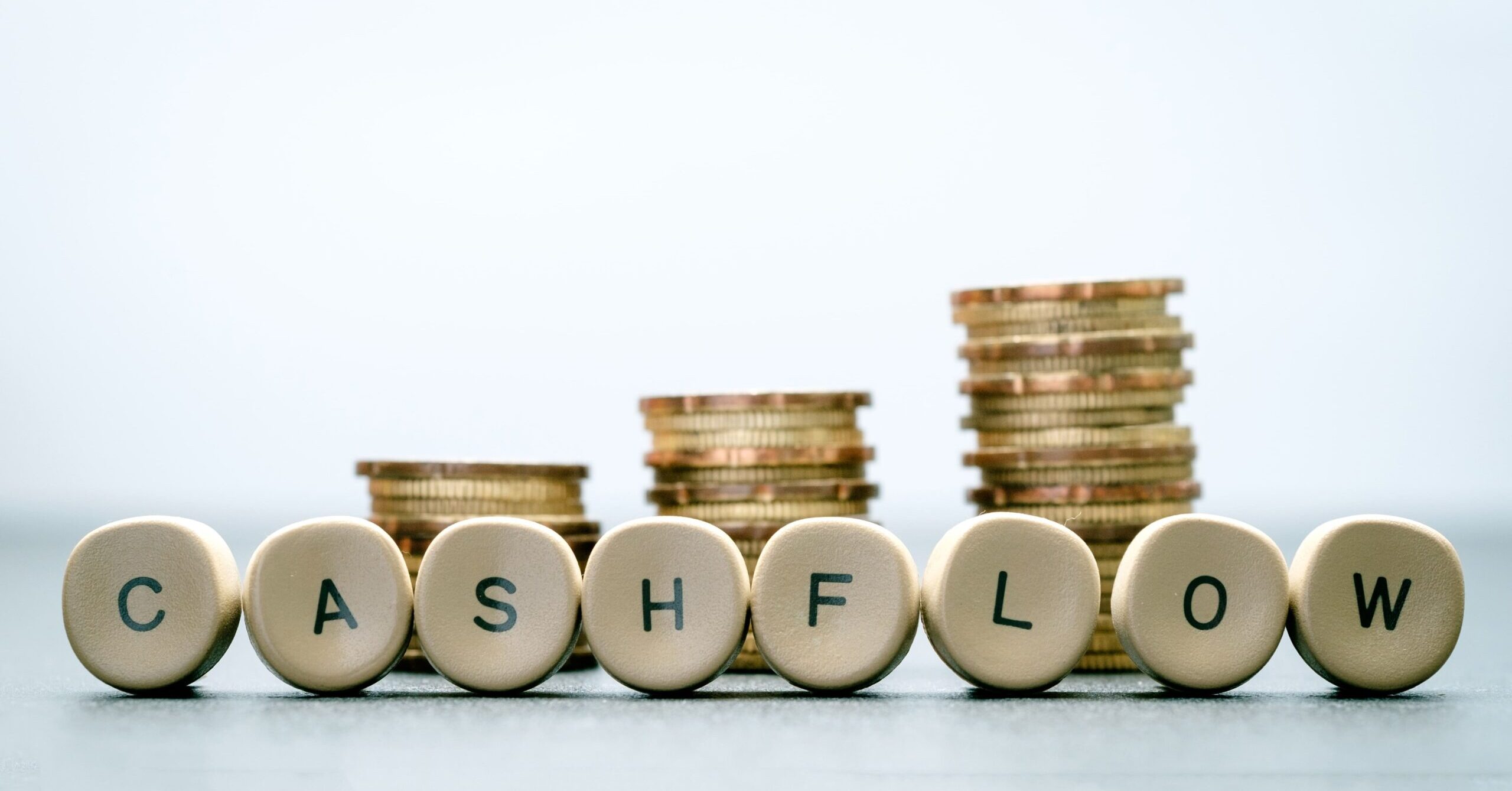 Expert Tips To Instantly Improve Your Business's Cash Flow Management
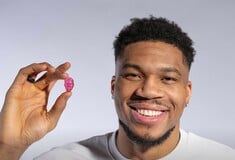 ΓΙΑΝΝΗΣ ΑΝΤΕΤΟΚΟΥΝΜΠΟ ΖΕΛΕΔΑΚΙΑ ΓΛΥΚΑ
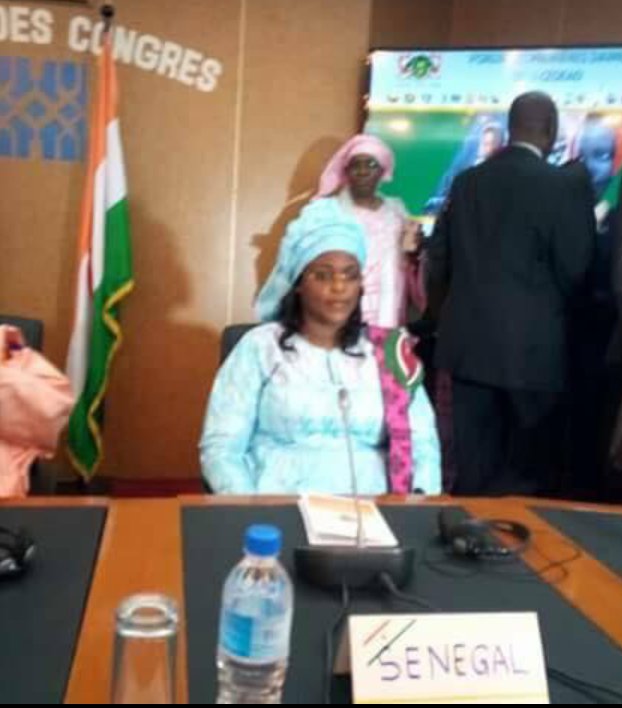 EtendardR's tweet photo. L'image du #Sénégal portée en #Étendard par @FayeSallMarieme #Linguere #Signare et #FemmeDeNder au #CongresCDEAO des Premières Dames #Kebetu https://t.co/FicNSAxaGE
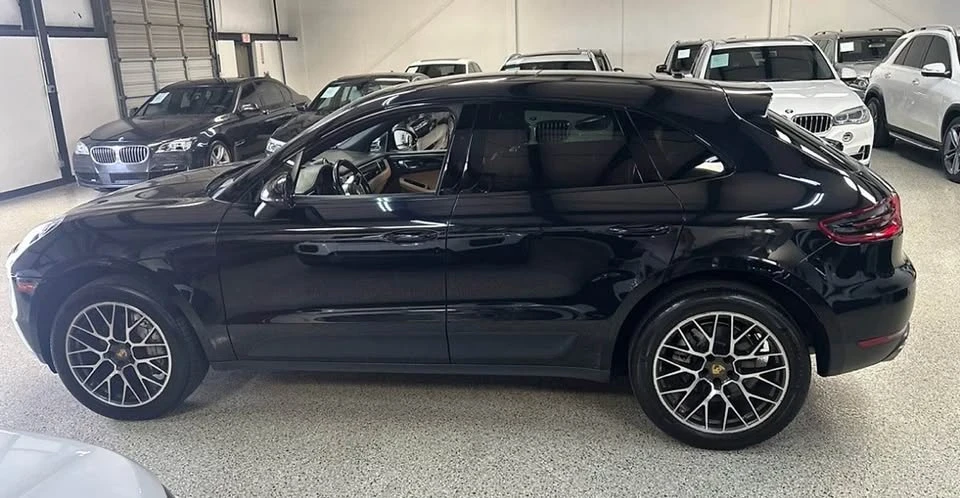 2017 Porsche Macan - Image 5 of 8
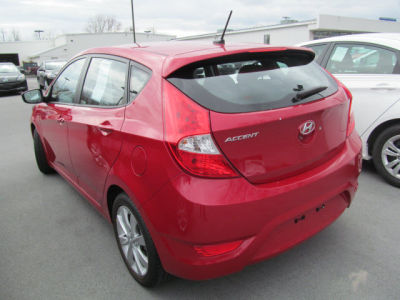2013 Hyundai Accent -
Cars.com </title>
<meta name="title" content="2013 Hyundai Accent - Cars.com"/>
<meta name="description" content="Listed on Cars.com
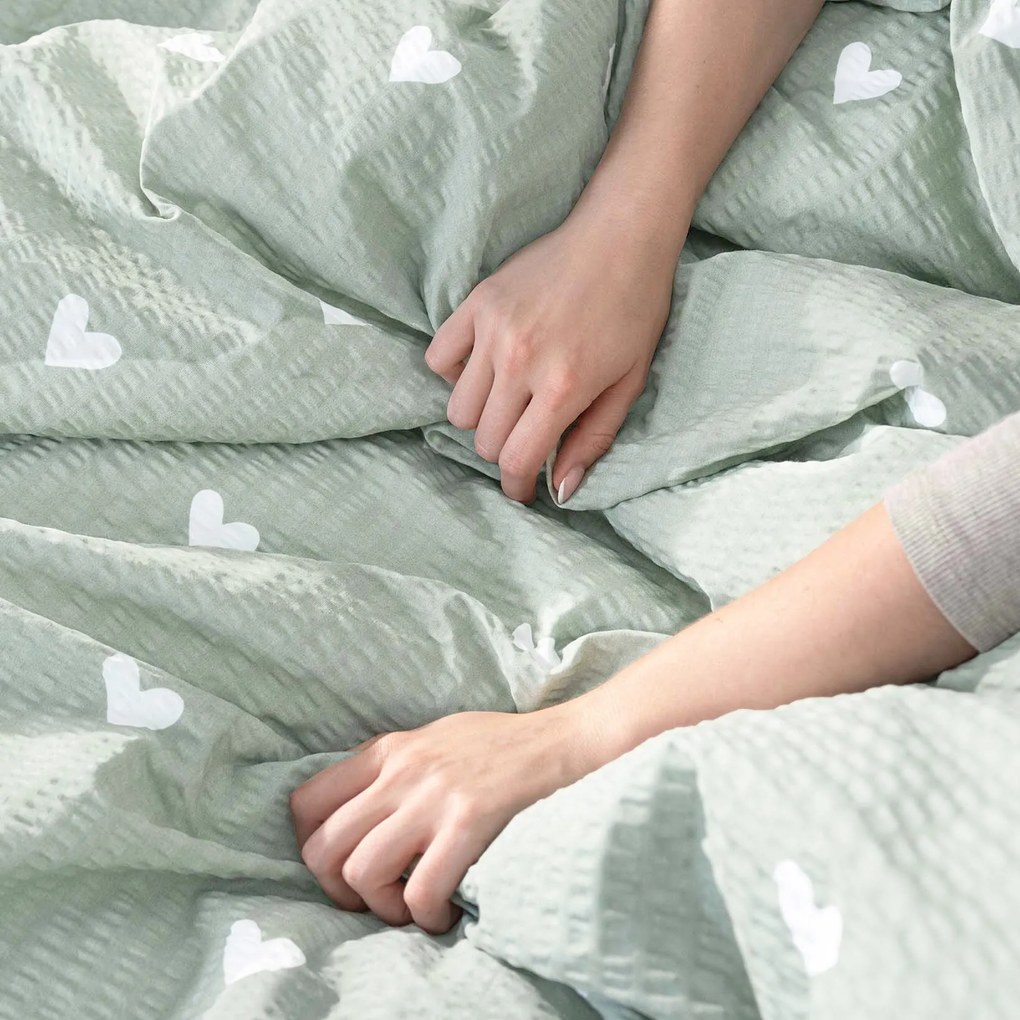 Goldea krepp ágyneműhuzat - szívecskék, zsálya színű alapon 140 x 200 és 70 x 90 cm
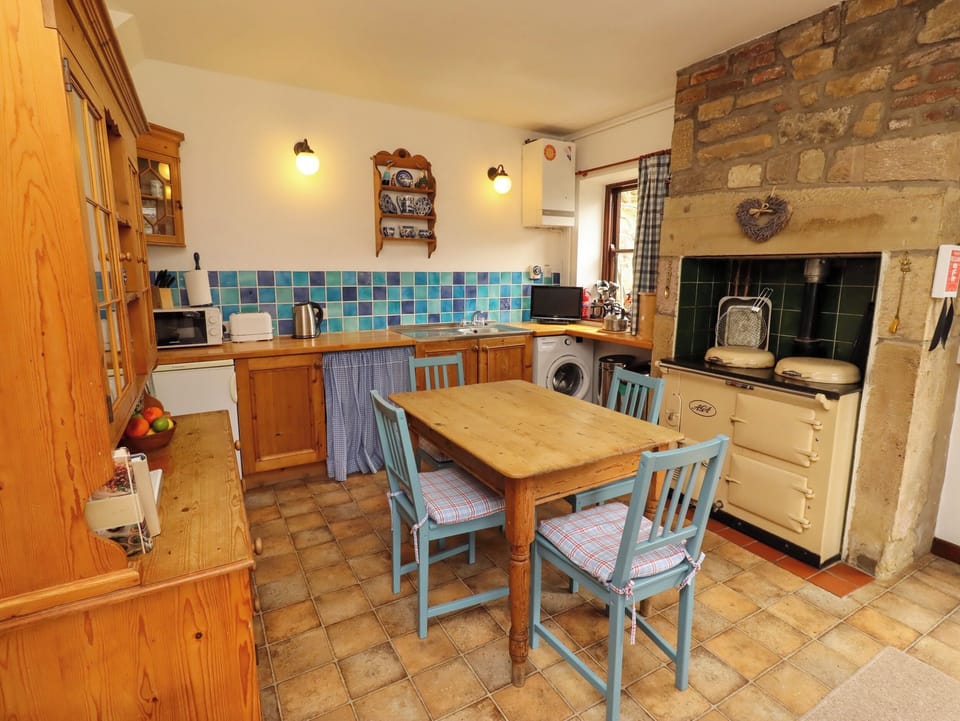 Cottage | Interior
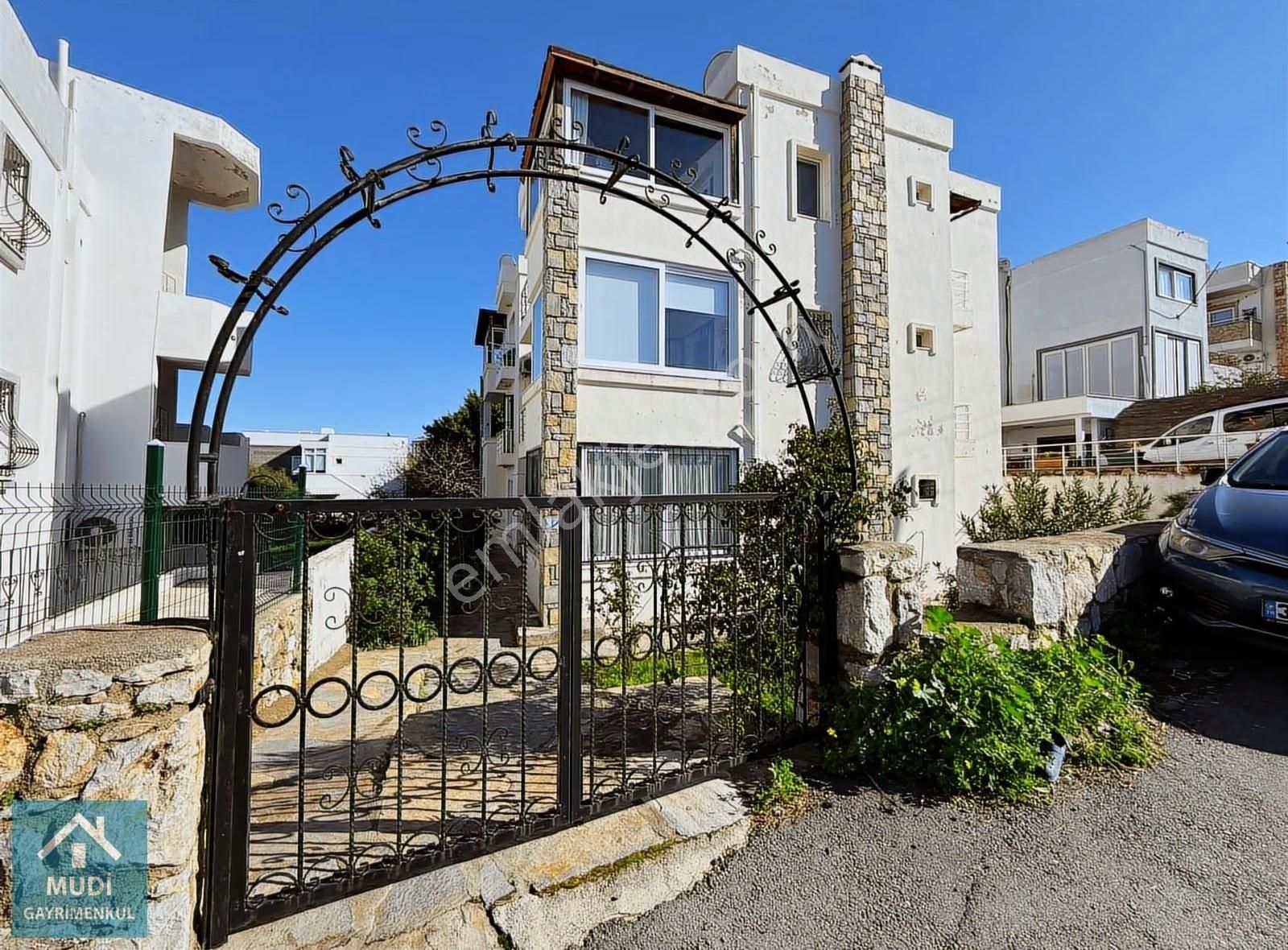 Bodrum Bitez'de Bahçeli 2+1 Depo Tapulu Fırsat Fiyat Daire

> WORK INSTRUCTION
Pictures stay out; everything else in the records above gets copied exactly.

> ANSWER SPACE
 Expert Tips To Instantly Improve Your Business's Cash Flow Management
 ΓΙΑΝΝΗΣ ΑΝΤΕΤΟΚΟΥΝΜΠΟ ΖΕΛΕΔΑΚΙΑ ΓΛΥΚΑ
 EtendardR's tweet photo. L'image du #Sénégal portée en #Étendard par @FayeSallMarieme #Linguere #Signare et #FemmeDeNder au #CongresCDEAO des Premières Dames #Kebetu https://t.co/FicNSAxaGE
 2017 Porsche Macan - Image 5 of 8
2013 Hyundai Accent -
Cars.com </title>
<meta name="title" content="2013 Hyundai Accent - Cars.com"/>
<meta name="description" content="Listed on Cars.com
 Goldea krepp ágyneműhuzat - szívecskék, zsálya színű alapon 140 x 200 és 70 x 90 cm
 Cottage | Interior
 Bodrum Bitez'de Bahçeli 2+1 Depo Tapulu Fırsat Fiyat Daire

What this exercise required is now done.